Quote exactly, and only, the lines of the material below from the line with "Close-Up of Hands" through the line with "a woman sits".
Start of SUPPLIED RECORDS
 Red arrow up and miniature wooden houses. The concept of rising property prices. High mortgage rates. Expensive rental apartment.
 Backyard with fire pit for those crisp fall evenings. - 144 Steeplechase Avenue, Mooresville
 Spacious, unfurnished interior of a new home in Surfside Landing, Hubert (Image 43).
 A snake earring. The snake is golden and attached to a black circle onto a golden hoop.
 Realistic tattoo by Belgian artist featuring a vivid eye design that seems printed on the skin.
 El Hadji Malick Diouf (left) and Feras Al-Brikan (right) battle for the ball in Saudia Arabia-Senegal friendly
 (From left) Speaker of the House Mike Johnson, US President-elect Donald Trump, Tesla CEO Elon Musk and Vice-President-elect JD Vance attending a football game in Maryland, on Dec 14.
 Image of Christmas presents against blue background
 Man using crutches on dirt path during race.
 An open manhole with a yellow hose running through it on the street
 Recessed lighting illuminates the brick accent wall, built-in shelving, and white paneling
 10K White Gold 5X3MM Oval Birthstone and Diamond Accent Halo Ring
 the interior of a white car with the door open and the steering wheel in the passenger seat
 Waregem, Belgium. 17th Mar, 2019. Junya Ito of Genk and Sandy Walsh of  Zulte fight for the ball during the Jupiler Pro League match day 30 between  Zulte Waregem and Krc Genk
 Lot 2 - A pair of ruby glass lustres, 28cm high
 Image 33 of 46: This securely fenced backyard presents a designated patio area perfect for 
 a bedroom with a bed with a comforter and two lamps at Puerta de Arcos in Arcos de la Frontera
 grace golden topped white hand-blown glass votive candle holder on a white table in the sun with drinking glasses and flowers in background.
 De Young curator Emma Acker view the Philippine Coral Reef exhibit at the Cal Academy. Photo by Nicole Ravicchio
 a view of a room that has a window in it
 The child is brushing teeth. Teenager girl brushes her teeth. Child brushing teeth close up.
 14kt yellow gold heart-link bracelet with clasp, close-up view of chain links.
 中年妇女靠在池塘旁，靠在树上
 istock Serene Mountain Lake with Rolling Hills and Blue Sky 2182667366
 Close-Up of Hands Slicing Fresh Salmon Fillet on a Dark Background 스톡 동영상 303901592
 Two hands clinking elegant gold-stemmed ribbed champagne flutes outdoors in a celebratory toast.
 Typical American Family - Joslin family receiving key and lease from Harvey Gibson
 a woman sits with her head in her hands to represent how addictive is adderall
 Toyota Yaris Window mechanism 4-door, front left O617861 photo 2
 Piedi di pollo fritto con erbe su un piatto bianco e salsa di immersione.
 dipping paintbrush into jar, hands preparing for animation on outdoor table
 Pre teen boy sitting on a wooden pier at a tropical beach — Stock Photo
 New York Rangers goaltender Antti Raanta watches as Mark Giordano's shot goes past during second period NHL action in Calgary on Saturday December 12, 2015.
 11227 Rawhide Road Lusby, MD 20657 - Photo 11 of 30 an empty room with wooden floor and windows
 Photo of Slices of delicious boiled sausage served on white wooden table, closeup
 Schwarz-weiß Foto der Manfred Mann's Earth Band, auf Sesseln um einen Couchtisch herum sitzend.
End of SUPPLIED RECORDS
» **ANSWER TO THIS EXERCISE**
 Close-Up of Hands Slicing Fresh Salmon Fillet on a Dark Background 스톡 동영상 303901592
 Two hands clinking elegant gold-stemmed ribbed champagne flutes outdoors in a celebratory toast.
 Typical American Family - Joslin family receiving key and lease from Harvey Gibson
 a woman sits with her head in her hands to represent how addictive is adderall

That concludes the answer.